Section 3. Payment of Indemnification.
If a claim for indemnification under Section 2 of this article is not paid in full by the Foundation within thirty (30) days after a written claim has been received by the Foundation, the claimant may, at any time thereafter, bring suit against the Foundation to recover the unpaid amount of the claim and, if successful in whole or in part on the merits or otherwise in establishing his or her right to indemnification or to the advancement of expense, the claimant shall be entitled to be paid also all reasonable expenses to prosecute such claim.
Section 4. Non-Exclusivity of Rights.
The right to indemnification and the payment of expenses incurred in defending a proceeding in advance of a final disposition conferred in Section 2 of this article and the right to payment expenses conferred in Section 3 of this article shall not prohibit other rights to which those seeking indemnification or advancement of expenses may be entitled or as may be granted under any bylaw, agreement, vote of members, vote of directors or otherwise, both as to actions in his or her official capacity and as to actions in any other capacity while holding that office. The Foundation has the express authority to enter into such agreements or arrangements as the Board of Directors deems appropriate for the indemnification of and advancement of expenses to present or future Directors and Officers as well as employees, representatives or agents of the Foundation in connection with their status with or services to or on behalf of the Foundation or any other corporation, partnership, joint venture, trust or other enterprise, including any employee benefit plan, for which such person is serving at the request of the Foundation.
Section 5. Funding.
The Foundation may create a fund of any nature, which may, but need not be, under the control of the Board of Directors to otherwise secure or insure in any manner its indemnification obligations, including its obligation to advance expenses, whether arising under or pursuant to this Article or otherwise.
Section 6. Insurance.
The Foundation may purchase and maintain insurance on behalf of any person who is or was a Director or Officer or representative of the Foundation, or is or was serving at the request of the Foundation as a representative of another corporation, partnership, joint venture, trust or other enterprise, against any liability asserted against such person and incurred by such person in any such capacity, or arising out of his or her status as such, whether or not the Foundation has the power to indemnify such person against such liability under the laws of this or any other state.

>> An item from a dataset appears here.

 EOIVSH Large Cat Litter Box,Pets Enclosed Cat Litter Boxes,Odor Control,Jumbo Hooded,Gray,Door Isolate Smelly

Section 7. Modification or Repeal
Neither the modification, amendment, alteration or repeal of this Article or any of its provisions nor the adoption of any provision inconsistent with this Article or any of its provisions shall adversely affect the rights of any person to indemnification and advancement of expenses existing at the time of such modification, amendment, alteration, or repeal or the adoption of such inconsistent provision.
ARTICLE 12. AMENDMENTS
These Bylaws may be amended or repealed and new bylaws may be adopted by a majority of the Foundation Board of Directors present at any meeting at which a quorum of the Foundation Board is present. Any change so adopted shall take effect immediately after adoption unless otherwise provided for in the resolution effecting the change.